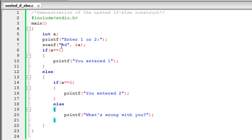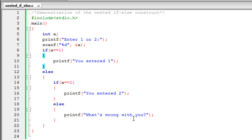To recap: if you provide one as input, the test condition is true and the first printf executes. If you don't provide one, we enter the else block where another if statement checks whether the input is two. If it is, that printf executes; otherwise the inner else covers all remaining cases and displays 'what's wrong with you'. That's it for the nested if-else construct. Stay tuned for the next tutorial, please subscribe if you haven't already, and thank you for watching.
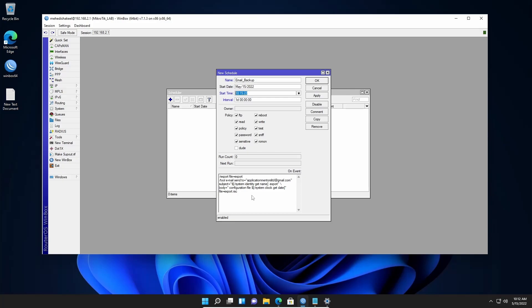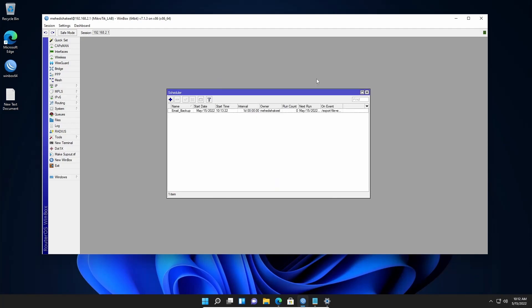Here is the script specifying where the email will be sent and what the attachment will be. Then click Apply and OK. Let's change the time to 10:30 so we can get the email right now since it's 10:12. Then click Apply and OK. Now we have to wait for a minute. Here you can see we get a run count of one, which means the scheduler has already executed.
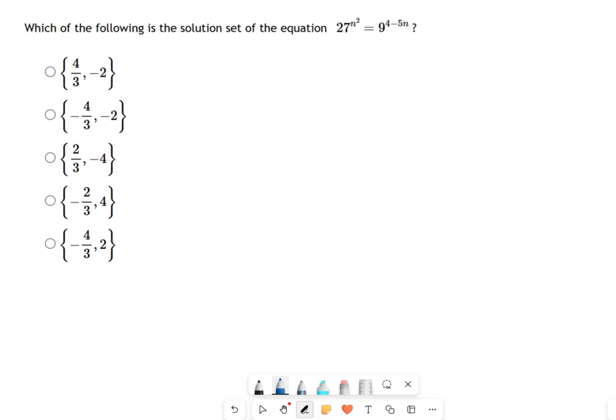We're looking at an exponential equation here, and if you calm down for a second you'll realize that 27 and 9 have something in common — they're both related to the number three, and that's going to be really helpful when we look at it. We could just start there.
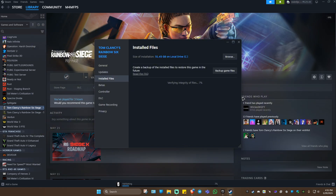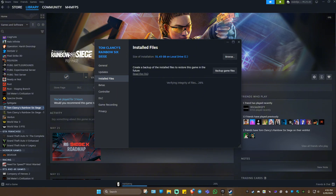If you're using Ubisoft Connect, just launch the game and it will automatically install BattleEye. Wait for the process to finish as it will take some time. Your game will be fixed after that. I hope this video helps, and I'll see you in the next one.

• • • •

=== PROBLEM DESCRIPTION ===
Every line above must be printed again exactly, pictures excluded.

=== SOLVED EXERCISE ===
To recap: if you provide one as input, the test condition is true and the first printf executes. If you don't provide one, we enter the else block where another if statement checks whether the input is two. If it is, that printf executes; otherwise the inner else covers all remaining cases and displays 'what's wrong with you'. That's it for the nested if-else construct. Stay tuned for the next tutorial, please subscribe if you haven't already, and thank you for watching.
Here is the script specifying where the email will be sent and what the attachment will be. Then click Apply and OK. Let's change the time to 10:30 so we can get the email right now since it's 10:12. Then click Apply and OK. Now we have to wait for a minute. Here you can see we get a run count of one, which means the scheduler has already executed.
We're looking at an exponential equation here, and if you calm down for a second you'll realize that 27 and 9 have something in common — they're both related to the number three, and that's going to be really helpful when we look at it. We could just start there.
If you're using Ubisoft Connect, just launch the game and it will automatically install BattleEye. Wait for the process to finish as it will take some time. Your game will be fixed after that. I hope this video helps, and I'll see you in the next one.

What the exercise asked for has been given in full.